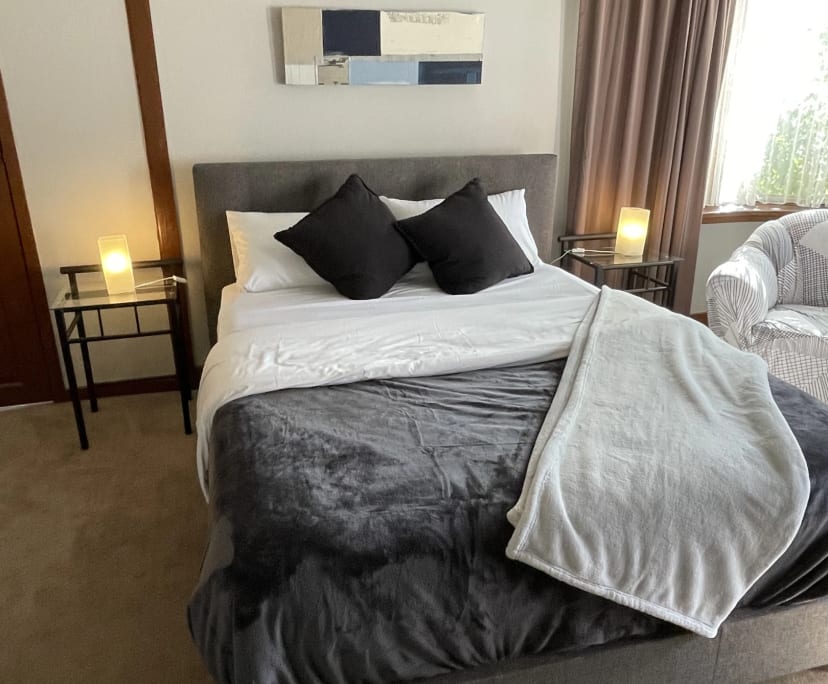 $320, Share-house, 6 bathrooms, Kingsville VIC 3012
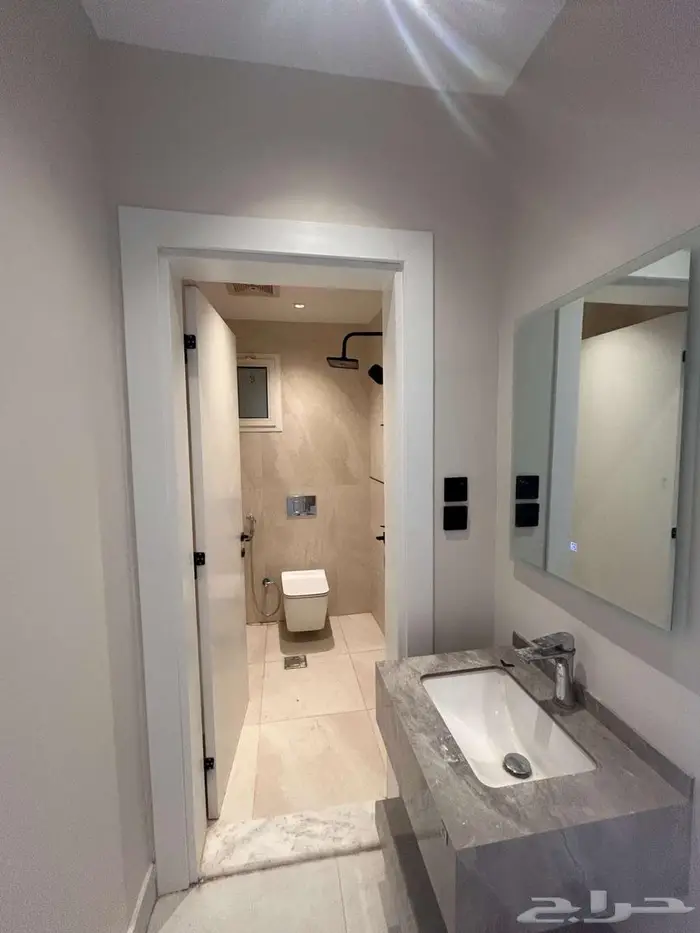 شقة مجددة بالكامل للإيجار السنوي 15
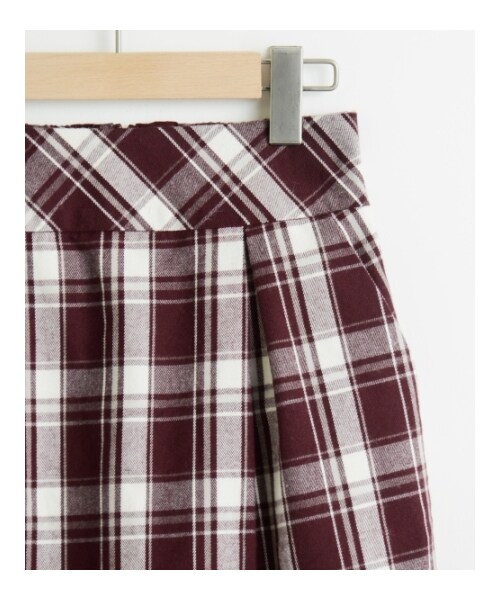 MAJESTIC LEGON（マジェスティックレゴン）の「○チェックIラインSK（パンツ・レディース・レッド柄/グリーン柄/ネイビー柄・Free）」の2枚目の写真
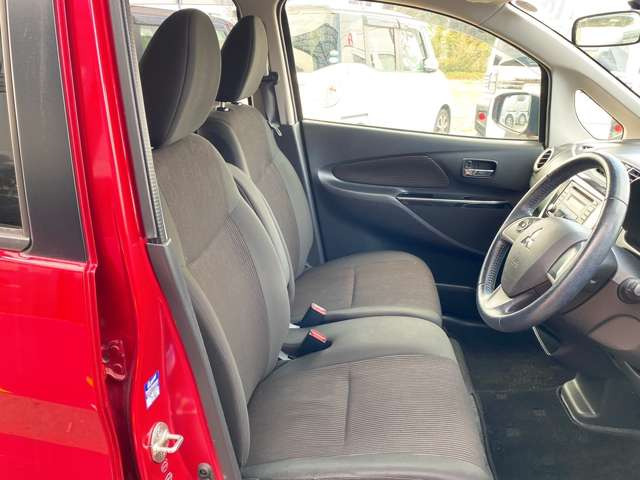 ���X�ł͌y�����Ԃ��畁�ʎԂ܂ŕ��L���I�[�����[�J�[�̎Ԏ�E�F�E�O���[�h��L�x�ɑ����Ă���܂��B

..........

◆ What needs to be done
Only text belongs in the copy: repeat each line of the data exactly and leave out the pictures.

◆ Worked solution
 $320, Share-house, 6 bathrooms, Kingsville VIC 3012
 شقة مجددة بالكامل للإيجار السنوي 15
 MAJESTIC LEGON（マジェスティックレゴン）の「○チェックIラインSK（パンツ・レディース・レッド柄/グリーン柄/ネイビー柄・Free）」の2枚目の写真
 ���X�ł͌y�����Ԃ��畁�ʎԂ܂ŕ��L���I�[�����[�J�[�̎Ԏ�E�F�E�O���[�h��L�x�ɑ����Ă���܂��B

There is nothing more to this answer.